Yes, on flax linen and leather before and more importantly on cotton linen after to clean the blade completely of any soap, skin, blood water or oxidation and dry it.
If you look at your bevels with magnification, after you wipe them down before putting the razor away, you will see all the above on the bevels and edge. All of that will oxidize/rust and eat the bevel and edge.
Stropping is your last chance to perfect an edge before it touches your face. Proper stropping is way underrated.
To really demonstrate what stropping does for the edge, try shaving without stropping for a couple days. The edge will most likely get increasing tuggy during the first shave. I don't expect the edge to be even shavable after 2 or 3 shaves. It may even make you want to re-hone, but if you do you will most likely be in the same predicament because the edge started failing.
I suffered the woes of improper stropping and ineffective stropping. ( I frequently suffer from frequent assumptions, misinterpretations, cranial flatulence) It took me an embarrassingly long time to "get it" and get squared away. If you use magnification, you can actually see your strop cleaning up the apex. That helped me "get it" also.
Learn to love the fabric component, I had trouble embracing the zoop noises and it held me back.
Cheap out on a learning strop and learn. Then spend as much as you can on a really good strop and enjoy...
So yes, strop daily and stop well..... In fact, your entire straight shaving experience will depend on it.
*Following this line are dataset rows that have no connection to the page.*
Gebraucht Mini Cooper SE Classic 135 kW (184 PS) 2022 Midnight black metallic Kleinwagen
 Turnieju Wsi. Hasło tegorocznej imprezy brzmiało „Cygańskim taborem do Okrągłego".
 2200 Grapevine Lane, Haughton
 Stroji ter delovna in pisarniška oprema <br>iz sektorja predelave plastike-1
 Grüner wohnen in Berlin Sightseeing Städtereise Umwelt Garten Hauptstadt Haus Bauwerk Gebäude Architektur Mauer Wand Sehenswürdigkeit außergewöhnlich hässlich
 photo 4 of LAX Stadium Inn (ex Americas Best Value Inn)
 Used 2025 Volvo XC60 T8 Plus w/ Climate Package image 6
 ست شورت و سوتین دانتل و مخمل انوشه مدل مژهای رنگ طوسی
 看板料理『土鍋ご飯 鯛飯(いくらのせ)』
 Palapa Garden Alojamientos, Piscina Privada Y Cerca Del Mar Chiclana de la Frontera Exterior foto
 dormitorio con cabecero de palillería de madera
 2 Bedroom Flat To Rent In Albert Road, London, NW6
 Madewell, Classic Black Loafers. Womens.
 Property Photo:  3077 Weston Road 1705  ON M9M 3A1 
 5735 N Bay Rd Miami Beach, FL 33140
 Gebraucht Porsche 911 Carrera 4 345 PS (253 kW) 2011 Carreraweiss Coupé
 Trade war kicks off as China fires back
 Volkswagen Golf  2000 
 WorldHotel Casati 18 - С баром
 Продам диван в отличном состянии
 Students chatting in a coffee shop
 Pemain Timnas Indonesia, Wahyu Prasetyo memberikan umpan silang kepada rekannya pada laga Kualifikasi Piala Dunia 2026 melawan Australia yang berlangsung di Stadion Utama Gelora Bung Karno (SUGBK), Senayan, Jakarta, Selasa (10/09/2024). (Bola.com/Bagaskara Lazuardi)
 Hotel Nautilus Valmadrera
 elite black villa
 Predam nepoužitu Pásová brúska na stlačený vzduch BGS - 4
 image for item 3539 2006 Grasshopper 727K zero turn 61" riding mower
I always strop before a shave. I go by the sound of the razor on the strop, not a set number of laps. Sometimes I do 10 laps, other times I'll do upwards of 60 or 70.
Different razors need more or less stropping. I find Swedish and Japanese razors need more than Sheffield or Solingen blades, but that is just my opinion based on personal observation.
If it matters, I use a homemade kangaroo leather strop.
For me, 30 laps on linen followed by 60 laps on leather before the first shave and then the same between each subsequent shave. Whether you strop before or after shaving matters. You want to at least strop the edge on cloth after each shave to remove any water and shmutz to avoid any oxidation on the edge.